## RECORD EXTRACTS
________________________________________

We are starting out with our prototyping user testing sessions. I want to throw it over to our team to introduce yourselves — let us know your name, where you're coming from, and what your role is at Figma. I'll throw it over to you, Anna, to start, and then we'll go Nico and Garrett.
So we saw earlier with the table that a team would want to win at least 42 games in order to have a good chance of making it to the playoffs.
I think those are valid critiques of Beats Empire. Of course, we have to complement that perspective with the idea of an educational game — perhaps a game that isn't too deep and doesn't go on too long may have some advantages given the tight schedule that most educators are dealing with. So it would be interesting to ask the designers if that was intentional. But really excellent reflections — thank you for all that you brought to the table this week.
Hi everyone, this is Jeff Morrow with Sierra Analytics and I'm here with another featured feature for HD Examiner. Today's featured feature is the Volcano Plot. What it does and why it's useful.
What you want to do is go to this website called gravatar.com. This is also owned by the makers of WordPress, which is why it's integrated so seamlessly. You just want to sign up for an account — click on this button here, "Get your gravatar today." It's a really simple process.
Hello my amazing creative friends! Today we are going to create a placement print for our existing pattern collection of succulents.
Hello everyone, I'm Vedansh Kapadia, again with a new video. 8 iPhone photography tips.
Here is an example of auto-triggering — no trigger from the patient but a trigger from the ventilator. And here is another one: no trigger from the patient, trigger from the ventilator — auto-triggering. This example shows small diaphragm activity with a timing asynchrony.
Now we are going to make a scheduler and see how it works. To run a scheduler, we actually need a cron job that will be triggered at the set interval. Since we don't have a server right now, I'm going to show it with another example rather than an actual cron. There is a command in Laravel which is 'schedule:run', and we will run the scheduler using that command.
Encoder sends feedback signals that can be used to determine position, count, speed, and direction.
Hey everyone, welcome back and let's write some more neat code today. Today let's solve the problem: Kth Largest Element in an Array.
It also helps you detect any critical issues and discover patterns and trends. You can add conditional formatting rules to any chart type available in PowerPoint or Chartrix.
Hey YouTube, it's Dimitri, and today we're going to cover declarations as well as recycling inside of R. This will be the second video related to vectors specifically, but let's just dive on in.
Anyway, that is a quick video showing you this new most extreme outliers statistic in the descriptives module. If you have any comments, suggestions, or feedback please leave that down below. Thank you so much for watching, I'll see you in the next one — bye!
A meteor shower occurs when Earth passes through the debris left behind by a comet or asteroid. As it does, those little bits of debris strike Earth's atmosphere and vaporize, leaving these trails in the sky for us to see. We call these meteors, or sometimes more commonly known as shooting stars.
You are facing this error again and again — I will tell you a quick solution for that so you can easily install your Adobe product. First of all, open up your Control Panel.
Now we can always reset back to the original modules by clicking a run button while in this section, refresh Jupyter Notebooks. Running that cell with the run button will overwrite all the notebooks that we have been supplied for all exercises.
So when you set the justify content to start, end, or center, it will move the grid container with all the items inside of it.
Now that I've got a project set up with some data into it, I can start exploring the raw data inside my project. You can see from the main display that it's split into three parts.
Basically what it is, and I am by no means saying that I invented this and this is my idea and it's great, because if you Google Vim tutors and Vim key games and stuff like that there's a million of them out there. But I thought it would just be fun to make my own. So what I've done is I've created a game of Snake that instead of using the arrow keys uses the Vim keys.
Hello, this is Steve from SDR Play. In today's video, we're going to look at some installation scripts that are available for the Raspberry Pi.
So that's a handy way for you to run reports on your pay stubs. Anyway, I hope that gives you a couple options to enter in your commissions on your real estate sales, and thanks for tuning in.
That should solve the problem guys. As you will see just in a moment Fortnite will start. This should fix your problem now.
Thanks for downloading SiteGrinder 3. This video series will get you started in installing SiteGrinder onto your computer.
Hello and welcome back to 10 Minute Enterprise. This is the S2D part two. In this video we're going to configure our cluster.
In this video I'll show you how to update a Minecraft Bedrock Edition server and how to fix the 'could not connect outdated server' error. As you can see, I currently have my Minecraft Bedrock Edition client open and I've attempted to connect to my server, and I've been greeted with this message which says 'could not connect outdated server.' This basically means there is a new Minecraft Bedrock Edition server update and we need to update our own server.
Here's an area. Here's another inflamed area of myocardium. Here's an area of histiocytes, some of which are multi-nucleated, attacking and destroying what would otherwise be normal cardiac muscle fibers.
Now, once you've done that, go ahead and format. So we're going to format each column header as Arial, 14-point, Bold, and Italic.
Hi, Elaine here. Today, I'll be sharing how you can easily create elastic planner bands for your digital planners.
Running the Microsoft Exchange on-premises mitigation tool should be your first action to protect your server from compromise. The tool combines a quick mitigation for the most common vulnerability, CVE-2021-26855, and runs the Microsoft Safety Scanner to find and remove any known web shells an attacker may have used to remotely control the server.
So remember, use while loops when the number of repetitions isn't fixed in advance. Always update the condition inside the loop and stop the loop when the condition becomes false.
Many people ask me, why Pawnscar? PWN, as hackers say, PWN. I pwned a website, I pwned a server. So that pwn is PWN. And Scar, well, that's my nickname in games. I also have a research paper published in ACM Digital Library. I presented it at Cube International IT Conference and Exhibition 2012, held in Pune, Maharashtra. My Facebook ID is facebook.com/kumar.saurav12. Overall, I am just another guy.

________________________________________

## WHAT YOU NEED TO DO
Wherever a line of the data above contains "want", copy that line.

## OUTPUT FOR THIS EXERCISE
We are starting out with our prototyping user testing sessions. I want to throw it over to our team to introduce yourselves — let us know your name, where you're coming from, and what your role is at Figma. I'll throw it over to you, Anna, to start, and then we'll go Nico and Garrett.
So we saw earlier with the table that a team would want to win at least 42 games in order to have a good chance of making it to the playoffs.
What you want to do is go to this website called gravatar.com. This is also owned by the makers of WordPress, which is why it's integrated so seamlessly. You just want to sign up for an account — click on this button here, "Get your gravatar today." It's a really simple process.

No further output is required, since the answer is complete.